- Born: April 8, 1964 (age 62)
- Education: Peking University (BA); Pierre and Marie Curie University (PhD);
- Scientific career
- Fields: Geology; Climate change;
- Website: sourcedb.igg.cas.cn/cn/zjrck/200907/t20090713_2065546.html; sourcedb.cas.cn/sourcedb_igg_cas/en/zjrck/200907/t20090713_2065546.html;

= Guo Zhengtang =

Chinese geologist

Guo Zhengtang (郭正堂 (Guō Zhèngtáng); born April 8, 1964) is a Chinese geologist specialized in the Cenozoic.
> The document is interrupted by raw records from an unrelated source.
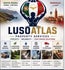 LusoAtlas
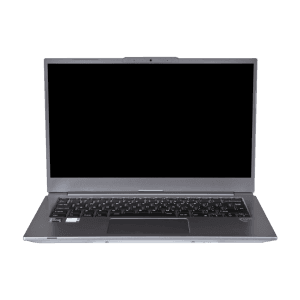 Clevo L14x Series Spare Parts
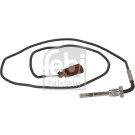 Sensor, Abgastemperatur | 48850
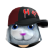 Rengar731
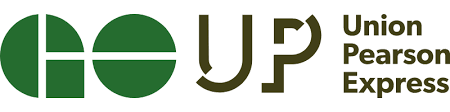 up-go-transit-logo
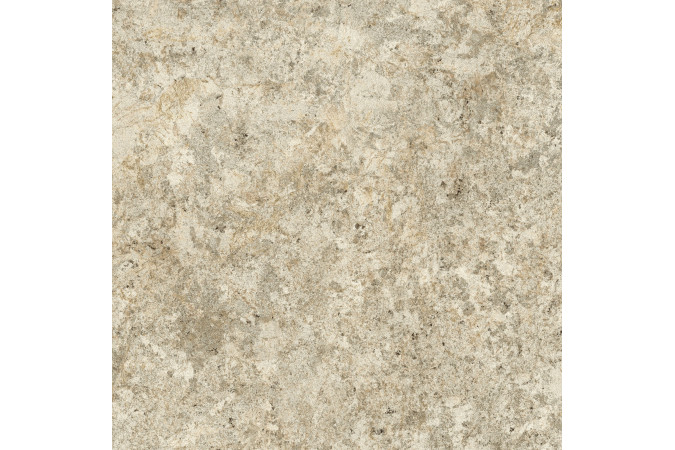 Фото Керамогранит 600010002399 FORTE DEI MARMI QUARK Brazilian Gold 1200x1200 Matt - 6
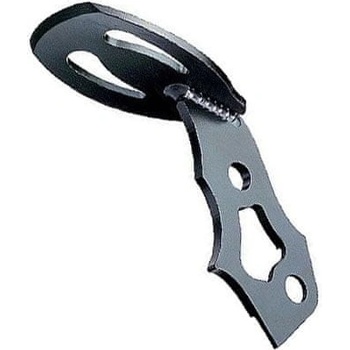 Petzl Adze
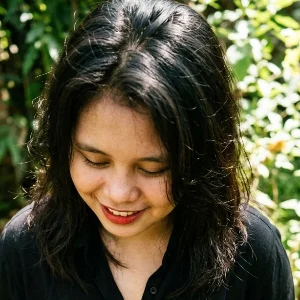 Hani Hanifah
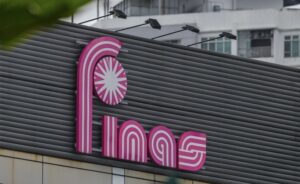 Pindaan akta Finas diluluskan, pastikan ekosistem produksi lebih selamat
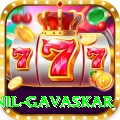 sunil gavaskar Deluxe Edition v2.5.7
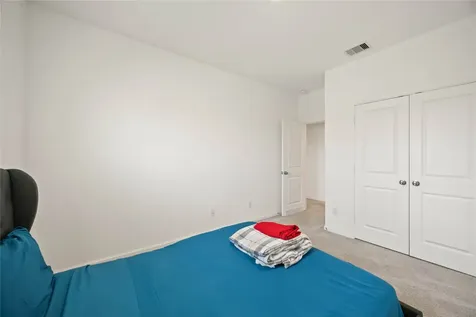 4238 Redford Valley Road Rosharon TX 77583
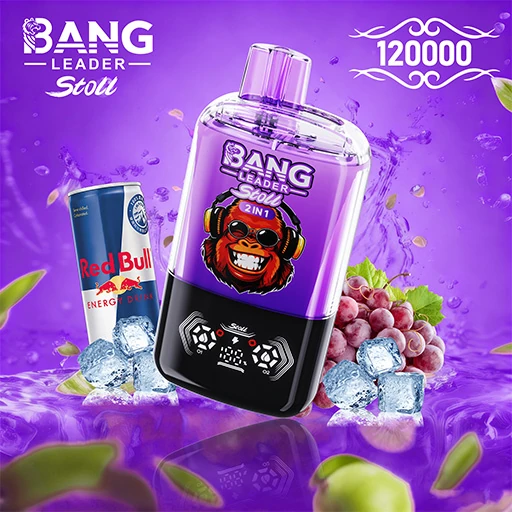 BANG-LEADER-STOLL-120K-Puffs-5.webp - 使い捨て電子タバコ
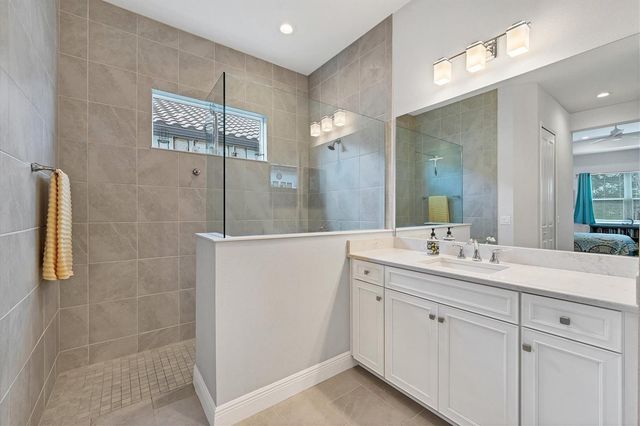 13306 DEEP BLUE PLACE, Bradenton, FL 34211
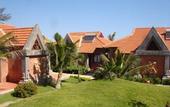 Туры в отель TTC Resort Premium Ninh Thuan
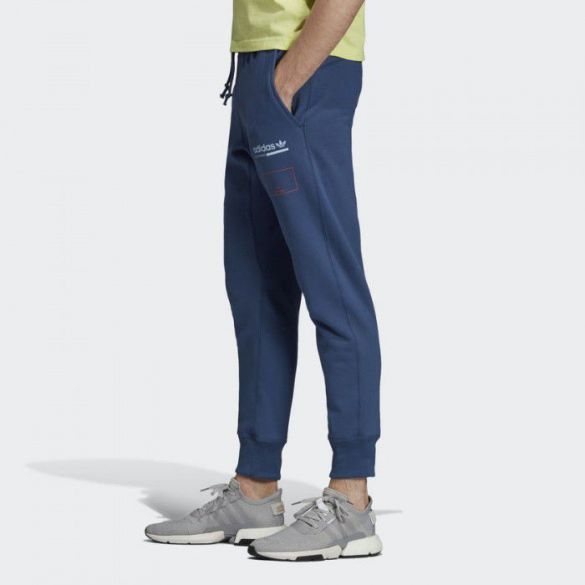 Брюки Adidas Originals Kaval Pant DV1956_image_8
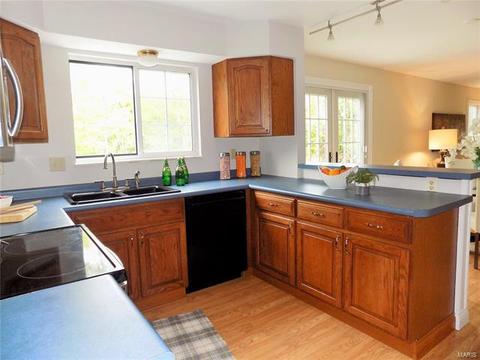 564 Enchanted Pkwy, Manchester, MO 63021 photo 11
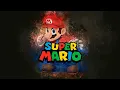 Download Lagu IPhone Ringtone X Super Mario | Marimba Remix | Marimba Ringtone [Cover] - iTones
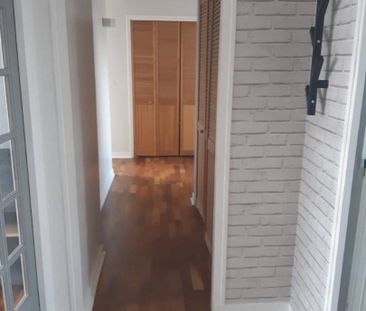 Chambre à louer dans grand appart - Nantes Erdre - Photo 3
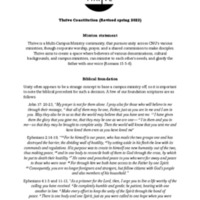 constitution2023.pdf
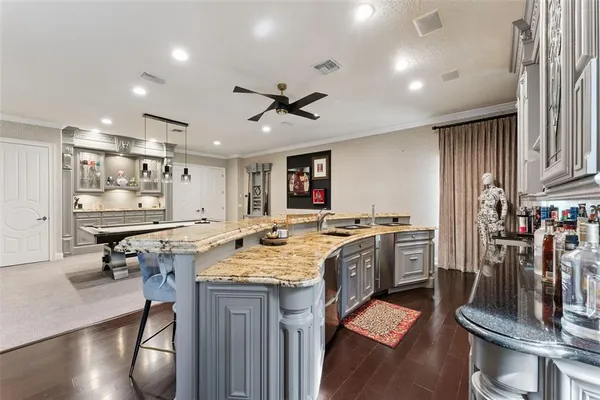 $5,200,000 | 3545 Legacy Hills Court, Longwood, FL 32779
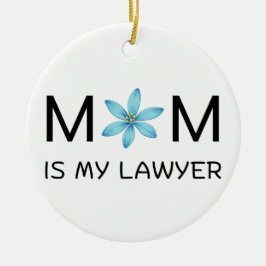 Klassische Frauen im ästhetischen botanischen Desi Keramik Ornament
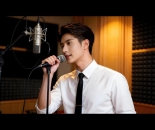 《你过得好就行》｜爱而不得的人，都会听哭的一首歌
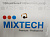 Датчик отпечатков пальцев для телефона 光学指纹识别模组-Mi / XiaomiCC9e
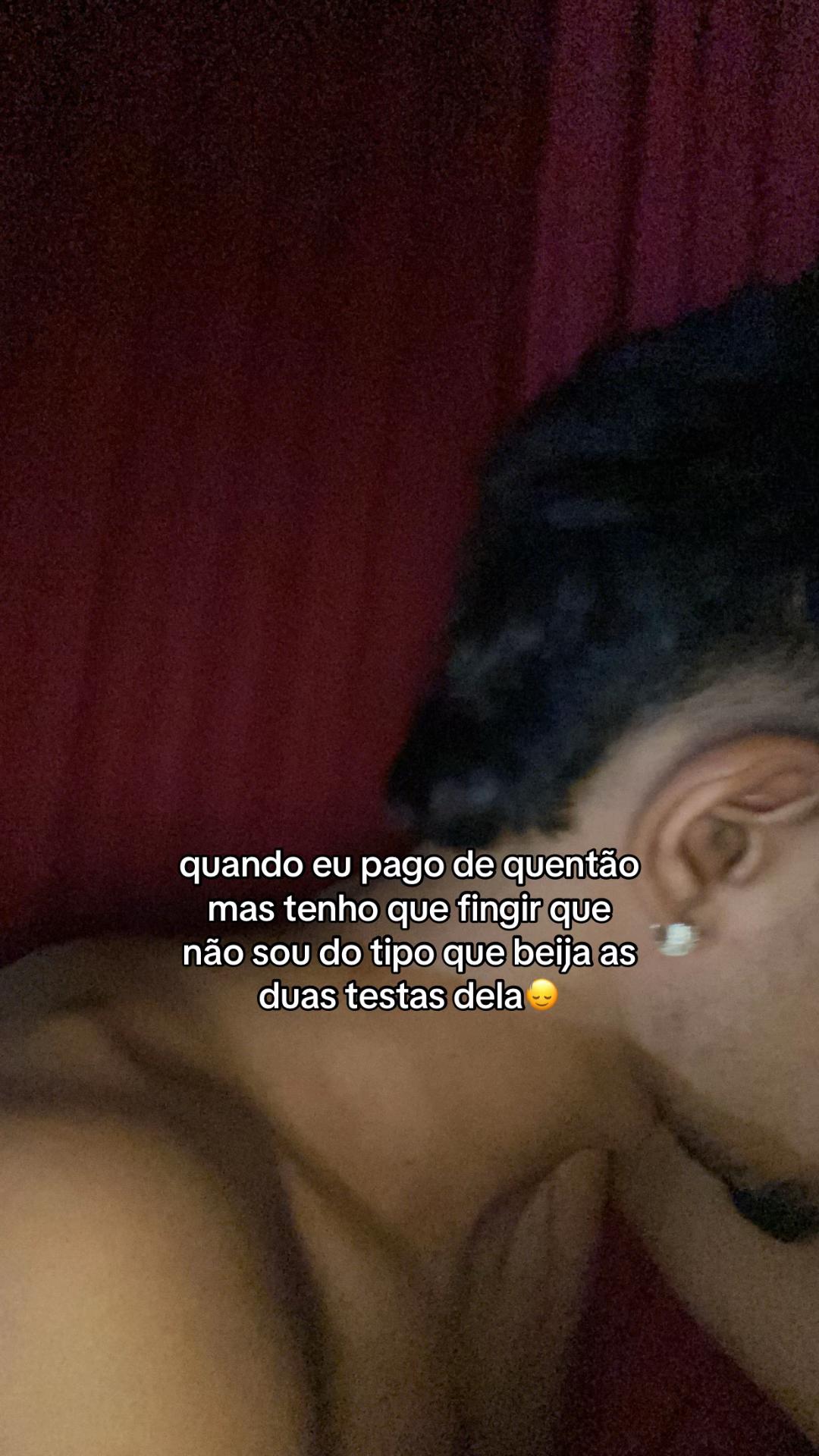 @moraes
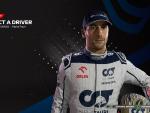 F1 2023: V1.10 bringt Ricciardo ins Spiel, weitere Verbesserungen und weniger Probleme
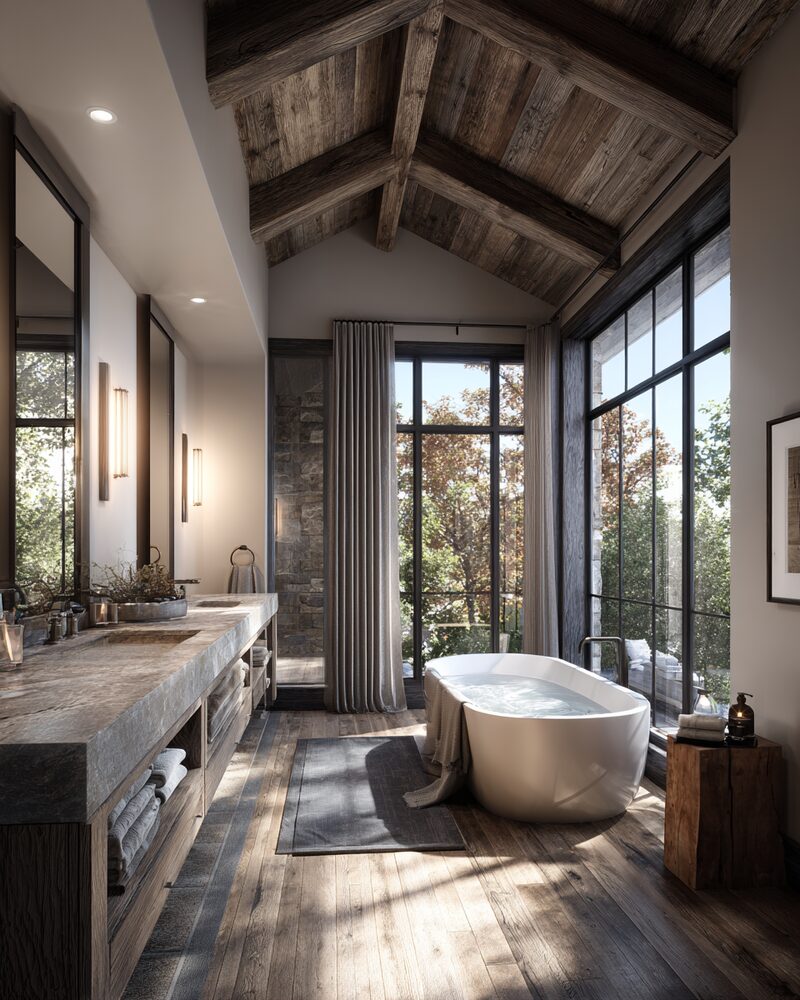 discovering-the-hidden-gem-of-hoschton-a-real-estate-renaissance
==Education and early life==
Guo was born in Shuozhou, Shanxi Province in 1964. He received his Bachelor of Arts degree in Geology from Peking University in 1983, and earned Ph.D. of soil science from the Pierre and Marie Curie University, France in 1990.

==Research and career==
Guo's research mainly focuses on the eolian sediments of the Chinese Loess Plateau and ancient climate change. He was the Director-general of the Institute of Earth Environment, Chinese Academy of Sciences during 2002-2006. He was a Vice-President of the INQUA Commission on Paleoclimates. He and his colleagues extended the loess records in China from ~8 Ma to ~22 Ma.